** Exercise input follows **

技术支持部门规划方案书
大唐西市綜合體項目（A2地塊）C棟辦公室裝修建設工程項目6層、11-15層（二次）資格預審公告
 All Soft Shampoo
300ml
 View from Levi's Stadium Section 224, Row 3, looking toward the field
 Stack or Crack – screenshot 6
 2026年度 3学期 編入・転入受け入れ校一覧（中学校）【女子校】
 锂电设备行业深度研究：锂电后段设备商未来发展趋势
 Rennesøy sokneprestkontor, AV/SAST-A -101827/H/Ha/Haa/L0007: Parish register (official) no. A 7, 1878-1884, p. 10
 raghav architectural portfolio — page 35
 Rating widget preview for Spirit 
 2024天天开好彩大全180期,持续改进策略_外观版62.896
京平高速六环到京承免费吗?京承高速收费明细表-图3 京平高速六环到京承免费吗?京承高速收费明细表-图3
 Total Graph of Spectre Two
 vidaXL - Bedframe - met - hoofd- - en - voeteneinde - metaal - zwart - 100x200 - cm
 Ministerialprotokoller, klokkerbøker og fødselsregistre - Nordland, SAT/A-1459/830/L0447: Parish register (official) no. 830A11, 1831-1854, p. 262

** End of Exercise input **

Your instructions: From the first line to the last, retype the material exactly.

Result for this exercise:
技术支持部门规划方案书
大唐西市綜合體項目（A2地塊）C棟辦公室裝修建設工程項目6層、11-15層（二次）資格預審公告
 All Soft Shampoo
300ml
 View from Levi's Stadium Section 224, Row 3, looking toward the field
 Stack or Crack – screenshot 6
 2026年度 3学期 編入・転入受け入れ校一覧（中学校）【女子校】
 锂电设备行业深度研究：锂电后段设备商未来发展趋势
 Rennesøy sokneprestkontor, AV/SAST-A -101827/H/Ha/Haa/L0007: Parish register (official) no. A 7, 1878-1884, p. 10
 raghav architectural portfolio — page 35
 Rating widget preview for Spirit 
 2024天天开好彩大全180期,持续改进策略_外观版62.896
京平高速六环到京承免费吗?京承高速收费明细表-图3 京平高速六环到京承免费吗?京承高速收费明细表-图3
 Total Graph of Spectre Two
 vidaXL - Bedframe - met - hoofd- - en - voeteneinde - metaal - zwart - 100x200 - cm
 Ministerialprotokoller, klokkerbøker og fødselsregistre - Nordland, SAT/A-1459/830/L0447: Parish register (official) no. 830A11, 1831-1854, p. 262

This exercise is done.